Exercise aim:
Take the entries that follow and write each one out exactly.

Given information:

::::

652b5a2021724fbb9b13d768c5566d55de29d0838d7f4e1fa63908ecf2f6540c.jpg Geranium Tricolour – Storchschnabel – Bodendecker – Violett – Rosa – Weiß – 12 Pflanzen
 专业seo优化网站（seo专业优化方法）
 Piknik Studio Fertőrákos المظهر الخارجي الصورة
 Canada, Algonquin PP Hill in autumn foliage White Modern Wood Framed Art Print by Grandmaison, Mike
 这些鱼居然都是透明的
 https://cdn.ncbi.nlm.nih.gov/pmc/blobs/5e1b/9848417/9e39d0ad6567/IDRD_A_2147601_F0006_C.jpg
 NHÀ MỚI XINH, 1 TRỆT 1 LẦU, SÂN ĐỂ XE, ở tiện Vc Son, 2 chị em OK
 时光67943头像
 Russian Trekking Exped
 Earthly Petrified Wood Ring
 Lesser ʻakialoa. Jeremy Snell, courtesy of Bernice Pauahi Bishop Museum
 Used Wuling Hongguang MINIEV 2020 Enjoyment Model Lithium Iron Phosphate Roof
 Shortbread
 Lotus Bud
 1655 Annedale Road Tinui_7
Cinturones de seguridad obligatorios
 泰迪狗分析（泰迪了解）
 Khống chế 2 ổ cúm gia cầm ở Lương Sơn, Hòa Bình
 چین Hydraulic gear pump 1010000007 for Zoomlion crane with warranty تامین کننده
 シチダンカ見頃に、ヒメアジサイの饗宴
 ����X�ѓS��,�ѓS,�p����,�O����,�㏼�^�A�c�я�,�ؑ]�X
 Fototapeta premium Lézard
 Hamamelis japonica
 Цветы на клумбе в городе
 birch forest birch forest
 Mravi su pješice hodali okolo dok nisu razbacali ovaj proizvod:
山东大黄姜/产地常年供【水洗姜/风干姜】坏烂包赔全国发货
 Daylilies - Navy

::::

Result of the task:
652b5a2021724fbb9b13d768c5566d55de29d0838d7f4e1fa63908ecf2f6540c.jpg Geranium Tricolour – Storchschnabel – Bodendecker – Violett – Rosa – Weiß – 12 Pflanzen
 专业seo优化网站（seo专业优化方法）
 Piknik Studio Fertőrákos المظهر الخارجي الصورة
 Canada, Algonquin PP Hill in autumn foliage White Modern Wood Framed Art Print by Grandmaison, Mike
 这些鱼居然都是透明的
 https://cdn.ncbi.nlm.nih.gov/pmc/blobs/5e1b/9848417/9e39d0ad6567/IDRD_A_2147601_F0006_C.jpg
 NHÀ MỚI XINH, 1 TRỆT 1 LẦU, SÂN ĐỂ XE, ở tiện Vc Son, 2 chị em OK
 时光67943头像
 Russian Trekking Exped
 Earthly Petrified Wood Ring
 Lesser ʻakialoa. Jeremy Snell, courtesy of Bernice Pauahi Bishop Museum
 Used Wuling Hongguang MINIEV 2020 Enjoyment Model Lithium Iron Phosphate Roof
 Shortbread
 Lotus Bud
 1655 Annedale Road Tinui_7
Cinturones de seguridad obligatorios
 泰迪狗分析（泰迪了解）
 Khống chế 2 ổ cúm gia cầm ở Lương Sơn, Hòa Bình
 چین Hydraulic gear pump 1010000007 for Zoomlion crane with warranty تامین کننده
 シチダンカ見頃に、ヒメアジサイの饗宴
 ����X�ѓS��,�ѓS,�p����,�O����,�㏼�^�A�c�я�,�ؑ]�X
 Fototapeta premium Lézard
 Hamamelis japonica
 Цветы на клумбе в городе
 birch forest birch forest
 Mravi su pješice hodali okolo dok nisu razbacali ovaj proizvod:
山东大黄姜/产地常年供【水洗姜/风干姜】坏烂包赔全国发货
 Daylilies - Navy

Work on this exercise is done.